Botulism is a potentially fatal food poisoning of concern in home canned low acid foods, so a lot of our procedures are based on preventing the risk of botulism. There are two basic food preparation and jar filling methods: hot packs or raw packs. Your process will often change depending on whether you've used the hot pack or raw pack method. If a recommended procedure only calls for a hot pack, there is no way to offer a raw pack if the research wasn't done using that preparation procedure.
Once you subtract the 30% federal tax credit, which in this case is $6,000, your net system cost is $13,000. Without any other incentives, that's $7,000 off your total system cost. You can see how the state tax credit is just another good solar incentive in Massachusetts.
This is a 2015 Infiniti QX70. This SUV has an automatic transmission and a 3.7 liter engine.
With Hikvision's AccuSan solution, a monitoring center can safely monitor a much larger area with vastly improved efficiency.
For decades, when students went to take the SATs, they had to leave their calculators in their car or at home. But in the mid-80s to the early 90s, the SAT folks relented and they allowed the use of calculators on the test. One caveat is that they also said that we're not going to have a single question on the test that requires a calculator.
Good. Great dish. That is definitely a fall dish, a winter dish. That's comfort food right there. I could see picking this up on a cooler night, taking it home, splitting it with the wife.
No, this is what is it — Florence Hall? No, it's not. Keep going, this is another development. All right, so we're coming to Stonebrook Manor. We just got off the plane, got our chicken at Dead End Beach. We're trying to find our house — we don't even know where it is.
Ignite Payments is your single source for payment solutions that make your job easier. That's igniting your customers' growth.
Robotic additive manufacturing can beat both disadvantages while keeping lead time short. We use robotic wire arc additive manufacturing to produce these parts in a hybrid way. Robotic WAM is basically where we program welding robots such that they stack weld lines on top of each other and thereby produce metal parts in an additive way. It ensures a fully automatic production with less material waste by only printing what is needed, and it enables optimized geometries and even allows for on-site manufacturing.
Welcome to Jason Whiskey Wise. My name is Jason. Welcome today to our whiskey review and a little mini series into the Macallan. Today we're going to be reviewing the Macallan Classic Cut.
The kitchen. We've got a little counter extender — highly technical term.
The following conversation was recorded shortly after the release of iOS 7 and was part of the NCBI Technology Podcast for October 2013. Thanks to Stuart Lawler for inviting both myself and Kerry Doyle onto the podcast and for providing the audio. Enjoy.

▶ [THE TASK]: Extract from the listing above the lines between the line containing "This is a 2015" and the line containing "Ignite Payments is", keeping both of those lines. Output nothing else.

▶ [RESPONSE AREA]:
This is a 2015 Infiniti QX70. This SUV has an automatic transmission and a 3.7 liter engine.
With Hikvision's AccuSan solution, a monitoring center can safely monitor a much larger area with vastly improved efficiency.
For decades, when students went to take the SATs, they had to leave their calculators in their car or at home. But in the mid-80s to the early 90s, the SAT folks relented and they allowed the use of calculators on the test. One caveat is that they also said that we're not going to have a single question on the test that requires a calculator.
Good. Great dish. That is definitely a fall dish, a winter dish. That's comfort food right there. I could see picking this up on a cooler night, taking it home, splitting it with the wife.
No, this is what is it — Florence Hall? No, it's not. Keep going, this is another development. All right, so we're coming to Stonebrook Manor. We just got off the plane, got our chicken at Dead End Beach. We're trying to find our house — we don't even know where it is.
Ignite Payments is your single source for payment solutions that make your job easier. That's igniting your customers' growth.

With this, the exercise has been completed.